Thread (24 messages) 24 messages, 5 authors, 2012-09-17

Re: [PATCH 1/2] scsi: sd: set ready_to_power_off for scsi disk

From: Aaron Lu <hidden>
Date: 2012-09-13 09:07:43
Also in: linux-acpi, linux-scsi

On 09/13/2012 04:56 PM, James Bottomley wrote:
On Thu, 2012-09-13 at 16:49 +0800, Aaron Lu wrote:
quoted
On 09/13/2012 04:37 PM, James Bottomley wrote:
quoted
On Thu, 2012-09-13 at 16:23 +0800, Aaron Lu wrote:
quoted
On 09/13/2012 04:14 PM, James Bottomley wrote:
quoted
On Thu, 2012-09-13 at 15:40 +0800, Aaron Lu wrote:
quoted
The ready_to_power_off flag is used to give indication to ATA layer
if this device's power can be removed when runtime suspended.

This flag is determined by individual SCSI driver like sr, sd.

This flag is introduced to support zero power ODD. When ODD
is runtime suspended, it may not be OK to remove its power.

But for disk, it is always OK to be powered off, so set this flag.
It is?
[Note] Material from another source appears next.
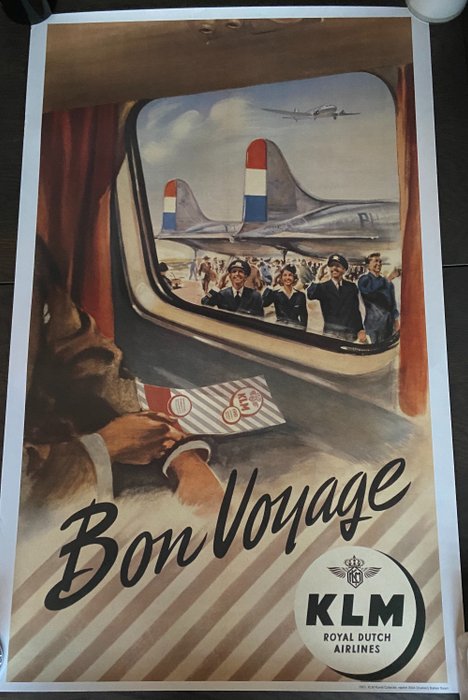 J.Wijga, J. v Heusden, Unknown - 3 large KLM posters 1920's - lithographic reprint 2004 - Anni 2000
I may have missed this, but where do you flush the cache of write
back cache devices you're about to power off?
I suppose that is handled in sd_suspend callback, the power off happens
after a device is runtime suspended.
Well that would mean something is wrong somewhere:  For runtime power
management using idle timers and forced standby, there's no need to
The current mechanism for scsi disk runtime pm is based on open/close.
If there is some process opened this block device, it will be in active
state; only when all opened session exited, it will enter runtime
suspend state.
A mounted disk is open for the period of the mount.  I thought the use
case for runtime PM was the laptop one but most laptops have a single
device to use as root, so if you never use runtime PM on an open device,
you never use it on 99% of our target systems ... doesn't that make the
feature a bit useless?
I agree, but it may be helpful in some cases.
quoted
quoted
flush the cache (if the drive goes into standby on its own as a result
of an idle timeout, the cache will never flush).  The cache needs to
flush before we power off the device: that's before the system goes into
S3, or now before you power it off at runtime.  Flushing the cache on
runtime transitions to standby will likely cause performance problems
since that happens quite often.
As explained above, it didn't happen that often, especially for user who
has only one disk, the disk will be mounted, which makes it never be
able to enter runtime suspend state.
So what's the target audience for the feature.  If it isn't laptops or
standard desktops, is it the enterprise?
To make this feature useful for normal laptop user, a better mechanism
for scsi disk runtime pm is needed. Alan Stern and Lin Ming has been
working on this, and I'll see if I can make that patch work later.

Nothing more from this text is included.